According to Commander Gwen Elliot, the Pittsburgh Police Force, one of the most diverse law enforcement teams in the United States, is changing as a result of a 1991 decision striking down an affirmative action program that took effect in 1976. Before the program took effect, no women in blue served Pittsburgh, but now one in four officers on the Force is female, compared to about one in ten nationwide. But without the court-ordered program, over 90 % of officers newly hired have been male.

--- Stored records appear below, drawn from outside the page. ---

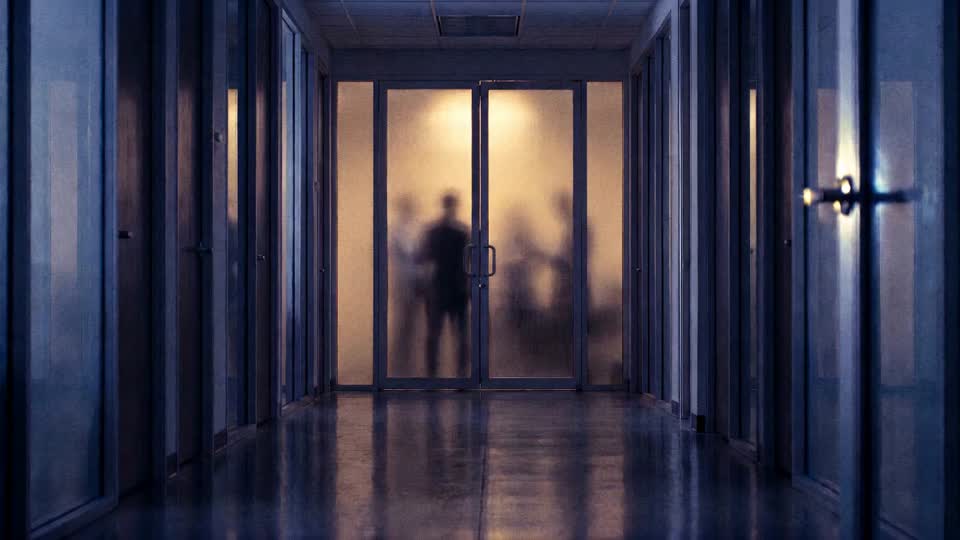 The door opening into a pantry where colleagues are laughing together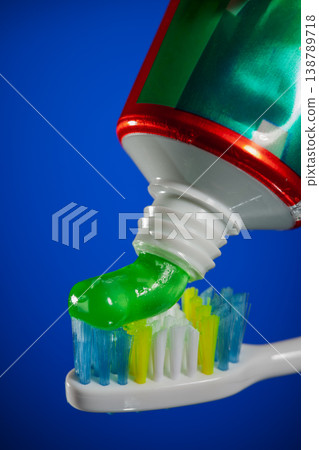 Green gel toothpaste being squeezed from tube onto colorful toothbrush bristles, dental hygiene and oral care concept on bright blue background. Green gel toothpaste being squeezed from tube onto colorful toothbrush bristles, dental hygiene and oral care concept on bright blue background. 138789718
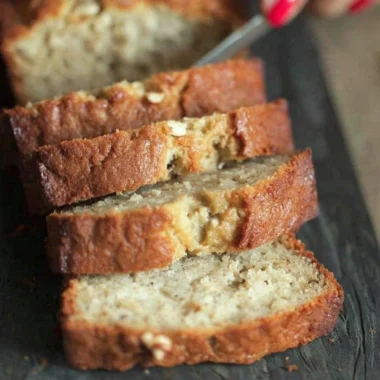 Moist sour cream banana bread served on a wooden cutting board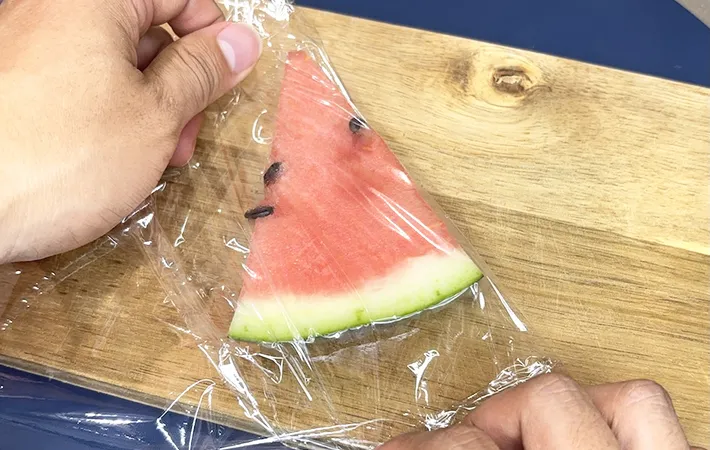 カットしたスイカを保存用ラップで包んでいる画像（撮影：キジカク）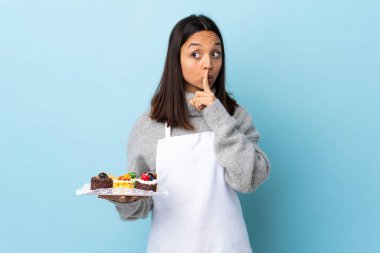 Pasta şefi, izole edilmiş mavi arka planda büyük bir pasta tutuyor. Parmağını ağzına koyduğunda sessizlik işareti gösteriyor..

Elliot serves on the advisory board of the National Center for Women & Policing (NCWP), a project of FMF working toward parity in the nation’s law enforcement agencies. Its second annual survey on the status of women in the largest agencies, Equality Denied: The Status of Women in Policing: 1998, reveals that only 13.8% of all sworn officers are female. One factor contributing to this inequality is the fact that many law enforcement offices, including Pittsburgh’s Force, award bonus points on entry tests to candidates with military experience. With women currently representing only 13.7% of active military personnel, and discrimination against women within the military, this means for fewer women veteran candidates.
NCWP’s report does demonstrate areas of progress: affirmative action programs work to integrate law enforcement agencies. Equality Denied shows that eight of the ten municipal agencies with the highest percentage increase in sworn women officers have some court-ordered affirmative action program in place.